Overlap of OtopLA neurons with different GRN subtypes
OtopLA functions in multiple GRNs for detection of acids. (A–O) Images of in situ hybridizations of OtopLA and the indicated reporters in labella from w1118 flies. In each row, the Left panel indicates the distribution of OtopLA transcripts (red). The Middle panel shows the markers for A–E GRNs (green). The Right panel shows the merge of the OtopLA RNAs and marker RNAs. (P) PER assays to investigate the effects of cell-specific rescue of OtopLA function to acid taste in OtopLA1 flies. The assays were performed using 100 mM sucrose plus 5 mM HCl. Genotypes tested: control (w1118), control with UAS-OtopLAp (chromosome II or III insertion), OtopLA1, and OtopLAp expressed in an OtopLA1 background using the Gr5a-GAL4 (A neurons), Gr66a-GAL4 (B neurons), ppk28-GAL4 (C neurons), and the ppk23-GAL4 (D neurons). Control, n = 27. UAS-OtopLAp (chromosome II), n = 31. UAS-OtopLAp (chromosome III), n = 26. OtopLA1, n = 29. OtopLAp rescued in: A neurons, n = 29. B neurons, n = 30. C neurons, n = 28. D neurons, n = 29. (Q) PER assays using 25 mM sucrose and the indicated concentrations of HCl. The pH values of the solutions are indicated. Control (w1118), n = 30. OtopLA1, n = 33. (R) PER assays to investigate the effects of cell-specific rescue of OtopLA function in restoring attraction to 0.01 mM HCl. Genotypes tested: (w1118), control with UAS-OtopLAp (chromosome II or III insertion), OtopLA1, and OtopLAp expressed in OtopLA1 background using Gr5a-GAL4 (A neurons), Gr66a-GAL4 (B neurons), ppk28-GAL4 (C neurons), and ppk23-GAL4 (D neurons). PER indices were obtained by testing either with 25 mM sucrose alone or 25 mM sucrose mixed with 0.01 mM HCl. Asterisks indicate statistically significant differences from OtopLA1 flies tested with 25 mM sucrose laced with 0.01 mM HCl. Control, n = 27. UAS-OtopLAp (chromosome II), n = 31. UAS-OtopLAp (chromosome III), n = 26. OtopLA1, n = 29. OtopLAp rescued in: A neurons, n = 29. B neurons, n = 30. C neurons, n = 28. D neurons, n = 29 (Scale bars, 10 μm). Mann–Whitney U tests. Error bars, SEMs. *P < 0.05, **P < 0.01, and ***P < 0.001.
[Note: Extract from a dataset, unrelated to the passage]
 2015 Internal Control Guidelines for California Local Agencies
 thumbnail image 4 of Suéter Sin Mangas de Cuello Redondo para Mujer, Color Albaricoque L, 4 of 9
Since RNAi knockdown of OtopLA in B GRNs disrupted acid repulsion, we examined the overlap of OtopLA with B GRNs in more detail using the LexA introduced into OtopLA1 to drive expression of lexAop-GFP. When we labeled the B GRNs with UAS-td-tomato using the Gr66a-GAL4, we found that a subset of the green fluorescent protein (GFP)-positive GRNs (OtopLA) were also labeled by td-Tomato, although the percentage (∼12%) was higher than obtained using in situ hybridizations (SI Appendix, Fig. S4 H–J). Since ∼50% of the OtopLA-positive neurons were peg GRNs, ∼25% of the OtopLA-positive neurons in taste sensilla are labeled B GRNs. This raises the possibility that OtopLA might play a role in GRNs other than in the B GRNs.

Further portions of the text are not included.